### DATA PROVIDED

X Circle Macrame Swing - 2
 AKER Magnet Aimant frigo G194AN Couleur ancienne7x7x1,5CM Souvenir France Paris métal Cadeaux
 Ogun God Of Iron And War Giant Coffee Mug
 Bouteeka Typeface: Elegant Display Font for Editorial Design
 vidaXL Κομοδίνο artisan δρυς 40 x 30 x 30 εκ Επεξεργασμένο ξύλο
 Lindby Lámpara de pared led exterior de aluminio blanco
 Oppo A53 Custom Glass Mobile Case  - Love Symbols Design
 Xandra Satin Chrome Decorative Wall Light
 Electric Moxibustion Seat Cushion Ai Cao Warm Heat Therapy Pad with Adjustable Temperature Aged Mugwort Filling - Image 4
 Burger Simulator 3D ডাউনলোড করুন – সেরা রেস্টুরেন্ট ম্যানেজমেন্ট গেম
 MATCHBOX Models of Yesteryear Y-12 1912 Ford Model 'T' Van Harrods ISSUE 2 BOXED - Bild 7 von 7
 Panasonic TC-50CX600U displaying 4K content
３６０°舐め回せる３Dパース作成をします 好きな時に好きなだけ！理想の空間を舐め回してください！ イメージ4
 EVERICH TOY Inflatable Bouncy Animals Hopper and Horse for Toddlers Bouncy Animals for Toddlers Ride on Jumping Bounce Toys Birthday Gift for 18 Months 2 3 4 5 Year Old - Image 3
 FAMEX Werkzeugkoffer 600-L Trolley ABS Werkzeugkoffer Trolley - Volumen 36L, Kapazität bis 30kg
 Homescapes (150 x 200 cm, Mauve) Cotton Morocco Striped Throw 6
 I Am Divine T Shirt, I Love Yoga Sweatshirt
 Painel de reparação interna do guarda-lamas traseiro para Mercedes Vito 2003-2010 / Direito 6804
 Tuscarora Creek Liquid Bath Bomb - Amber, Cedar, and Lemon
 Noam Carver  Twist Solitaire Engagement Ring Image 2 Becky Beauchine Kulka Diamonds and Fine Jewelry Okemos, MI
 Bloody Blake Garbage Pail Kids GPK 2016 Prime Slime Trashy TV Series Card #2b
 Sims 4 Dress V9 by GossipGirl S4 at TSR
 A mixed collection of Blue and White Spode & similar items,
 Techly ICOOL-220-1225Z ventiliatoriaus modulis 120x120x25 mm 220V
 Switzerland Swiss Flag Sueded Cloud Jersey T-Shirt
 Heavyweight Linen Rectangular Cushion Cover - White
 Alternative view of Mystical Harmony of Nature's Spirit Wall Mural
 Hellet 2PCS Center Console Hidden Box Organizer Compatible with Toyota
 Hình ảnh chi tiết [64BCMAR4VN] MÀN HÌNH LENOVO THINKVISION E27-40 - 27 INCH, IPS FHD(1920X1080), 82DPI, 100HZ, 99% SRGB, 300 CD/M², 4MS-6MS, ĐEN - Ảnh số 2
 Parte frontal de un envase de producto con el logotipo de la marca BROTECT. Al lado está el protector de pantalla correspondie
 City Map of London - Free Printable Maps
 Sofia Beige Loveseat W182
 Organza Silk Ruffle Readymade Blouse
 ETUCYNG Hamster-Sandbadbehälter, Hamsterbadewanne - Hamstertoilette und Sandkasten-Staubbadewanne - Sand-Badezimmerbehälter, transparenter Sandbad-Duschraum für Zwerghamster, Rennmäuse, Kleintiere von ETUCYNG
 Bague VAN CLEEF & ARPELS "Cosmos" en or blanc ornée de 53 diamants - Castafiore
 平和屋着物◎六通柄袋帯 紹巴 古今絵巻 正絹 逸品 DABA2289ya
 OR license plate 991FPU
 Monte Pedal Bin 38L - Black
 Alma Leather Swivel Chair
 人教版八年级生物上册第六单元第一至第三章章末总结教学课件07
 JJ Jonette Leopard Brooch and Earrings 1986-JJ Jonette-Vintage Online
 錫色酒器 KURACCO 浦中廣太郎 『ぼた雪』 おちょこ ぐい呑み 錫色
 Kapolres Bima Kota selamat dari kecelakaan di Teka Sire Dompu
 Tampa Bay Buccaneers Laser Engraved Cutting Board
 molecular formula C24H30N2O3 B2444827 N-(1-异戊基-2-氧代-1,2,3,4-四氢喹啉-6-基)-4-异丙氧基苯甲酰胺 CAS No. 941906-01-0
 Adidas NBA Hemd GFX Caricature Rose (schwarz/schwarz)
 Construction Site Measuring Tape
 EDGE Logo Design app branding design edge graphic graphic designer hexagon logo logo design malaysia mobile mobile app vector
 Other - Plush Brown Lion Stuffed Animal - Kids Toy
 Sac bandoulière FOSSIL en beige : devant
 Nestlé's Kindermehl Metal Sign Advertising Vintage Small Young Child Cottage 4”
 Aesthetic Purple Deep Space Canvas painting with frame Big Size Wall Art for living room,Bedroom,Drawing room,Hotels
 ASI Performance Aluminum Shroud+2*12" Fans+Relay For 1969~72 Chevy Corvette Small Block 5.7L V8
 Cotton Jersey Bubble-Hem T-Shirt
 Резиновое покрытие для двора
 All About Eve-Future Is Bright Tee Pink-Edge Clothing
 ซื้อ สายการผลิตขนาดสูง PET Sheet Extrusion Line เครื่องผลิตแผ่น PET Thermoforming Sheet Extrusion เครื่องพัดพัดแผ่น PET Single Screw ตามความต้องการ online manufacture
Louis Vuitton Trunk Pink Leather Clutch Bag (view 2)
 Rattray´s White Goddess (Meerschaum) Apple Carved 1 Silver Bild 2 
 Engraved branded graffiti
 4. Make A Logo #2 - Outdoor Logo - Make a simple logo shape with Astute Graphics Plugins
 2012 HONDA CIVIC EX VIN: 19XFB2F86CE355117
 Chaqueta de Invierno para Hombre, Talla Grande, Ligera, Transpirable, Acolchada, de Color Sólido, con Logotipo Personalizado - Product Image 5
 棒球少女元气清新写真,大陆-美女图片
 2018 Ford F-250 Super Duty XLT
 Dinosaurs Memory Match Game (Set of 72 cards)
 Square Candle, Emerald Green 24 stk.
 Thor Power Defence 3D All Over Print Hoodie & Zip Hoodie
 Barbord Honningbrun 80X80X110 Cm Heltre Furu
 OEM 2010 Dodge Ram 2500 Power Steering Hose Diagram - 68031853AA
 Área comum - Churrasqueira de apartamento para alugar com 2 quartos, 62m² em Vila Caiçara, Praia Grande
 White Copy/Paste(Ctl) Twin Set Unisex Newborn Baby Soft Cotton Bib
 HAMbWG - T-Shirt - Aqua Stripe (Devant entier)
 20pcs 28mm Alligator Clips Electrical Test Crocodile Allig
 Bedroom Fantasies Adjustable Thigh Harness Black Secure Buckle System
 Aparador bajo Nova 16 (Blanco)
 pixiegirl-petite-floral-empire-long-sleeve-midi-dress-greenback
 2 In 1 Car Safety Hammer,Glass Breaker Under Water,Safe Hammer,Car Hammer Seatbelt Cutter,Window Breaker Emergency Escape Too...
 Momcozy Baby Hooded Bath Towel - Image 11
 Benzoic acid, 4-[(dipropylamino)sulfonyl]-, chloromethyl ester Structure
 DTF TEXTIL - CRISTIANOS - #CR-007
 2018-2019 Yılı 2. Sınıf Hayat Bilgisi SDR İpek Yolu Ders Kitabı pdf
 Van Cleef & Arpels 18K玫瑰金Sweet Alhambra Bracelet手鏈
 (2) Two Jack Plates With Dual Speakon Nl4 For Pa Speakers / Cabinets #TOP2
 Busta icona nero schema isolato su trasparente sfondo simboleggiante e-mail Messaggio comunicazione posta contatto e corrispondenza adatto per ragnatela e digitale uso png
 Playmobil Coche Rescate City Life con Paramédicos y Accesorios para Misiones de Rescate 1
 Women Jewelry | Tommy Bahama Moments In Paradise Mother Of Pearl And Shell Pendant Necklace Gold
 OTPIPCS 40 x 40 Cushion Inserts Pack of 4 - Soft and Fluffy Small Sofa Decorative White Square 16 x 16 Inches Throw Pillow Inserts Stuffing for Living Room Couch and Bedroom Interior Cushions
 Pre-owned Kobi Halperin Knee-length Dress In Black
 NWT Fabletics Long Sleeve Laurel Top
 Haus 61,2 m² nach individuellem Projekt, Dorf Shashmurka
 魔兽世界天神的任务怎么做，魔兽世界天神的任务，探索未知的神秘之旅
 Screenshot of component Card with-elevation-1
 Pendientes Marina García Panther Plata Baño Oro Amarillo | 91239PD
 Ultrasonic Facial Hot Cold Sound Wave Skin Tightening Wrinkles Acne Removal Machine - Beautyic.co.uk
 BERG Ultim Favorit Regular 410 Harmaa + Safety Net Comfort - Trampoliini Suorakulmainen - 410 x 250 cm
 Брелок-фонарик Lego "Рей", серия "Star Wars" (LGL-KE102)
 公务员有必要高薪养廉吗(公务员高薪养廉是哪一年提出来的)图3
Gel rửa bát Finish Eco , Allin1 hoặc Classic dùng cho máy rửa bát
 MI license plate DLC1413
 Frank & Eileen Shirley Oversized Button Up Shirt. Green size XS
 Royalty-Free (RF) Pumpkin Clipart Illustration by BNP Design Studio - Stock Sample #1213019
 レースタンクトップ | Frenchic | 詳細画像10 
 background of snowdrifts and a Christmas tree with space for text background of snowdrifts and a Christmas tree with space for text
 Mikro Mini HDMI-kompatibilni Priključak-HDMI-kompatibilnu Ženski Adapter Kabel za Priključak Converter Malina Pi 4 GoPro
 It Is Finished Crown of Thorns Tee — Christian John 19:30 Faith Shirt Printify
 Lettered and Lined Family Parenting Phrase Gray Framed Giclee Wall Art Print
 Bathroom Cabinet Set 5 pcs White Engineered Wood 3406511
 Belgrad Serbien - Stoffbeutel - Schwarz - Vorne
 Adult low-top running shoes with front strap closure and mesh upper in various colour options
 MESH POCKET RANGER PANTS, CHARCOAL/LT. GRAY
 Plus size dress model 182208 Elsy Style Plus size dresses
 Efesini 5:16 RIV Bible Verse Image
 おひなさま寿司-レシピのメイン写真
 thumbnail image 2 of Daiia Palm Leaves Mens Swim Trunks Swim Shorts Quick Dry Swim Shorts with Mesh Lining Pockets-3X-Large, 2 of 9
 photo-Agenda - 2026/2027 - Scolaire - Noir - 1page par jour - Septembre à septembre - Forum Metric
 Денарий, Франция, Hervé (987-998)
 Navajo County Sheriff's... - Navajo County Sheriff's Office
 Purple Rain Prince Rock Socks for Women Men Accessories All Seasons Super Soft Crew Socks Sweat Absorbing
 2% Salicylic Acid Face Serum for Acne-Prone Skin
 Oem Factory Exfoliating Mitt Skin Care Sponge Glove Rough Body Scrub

### GOAL OF THE EXERCISE
Copy back the listing above exactly, but only from the line with "Chaqueta de Invierno" through the line with "pixiegirl-petite-floral-empire-long-sleeve-midi-dress-greenback", both ends included.

### SOLUTION FOR THIS EXERCISE
 Chaqueta de Invierno para Hombre, Talla Grande, Ligera, Transpirable, Acolchada, de Color Sólido, con Logotipo Personalizado - Product Image 5
 棒球少女元气清新写真,大陆-美女图片
 2018 Ford F-250 Super Duty XLT
 Dinosaurs Memory Match Game (Set of 72 cards)
 Square Candle, Emerald Green 24 stk.
 Thor Power Defence 3D All Over Print Hoodie & Zip Hoodie
 Barbord Honningbrun 80X80X110 Cm Heltre Furu
 OEM 2010 Dodge Ram 2500 Power Steering Hose Diagram - 68031853AA
 Área comum - Churrasqueira de apartamento para alugar com 2 quartos, 62m² em Vila Caiçara, Praia Grande
 White Copy/Paste(Ctl) Twin Set Unisex Newborn Baby Soft Cotton Bib
 HAMbWG - T-Shirt - Aqua Stripe (Devant entier)
 20pcs 28mm Alligator Clips Electrical Test Crocodile Allig
 Bedroom Fantasies Adjustable Thigh Harness Black Secure Buckle System
 Aparador bajo Nova 16 (Blanco)
 pixiegirl-petite-floral-empire-long-sleeve-midi-dress-greenback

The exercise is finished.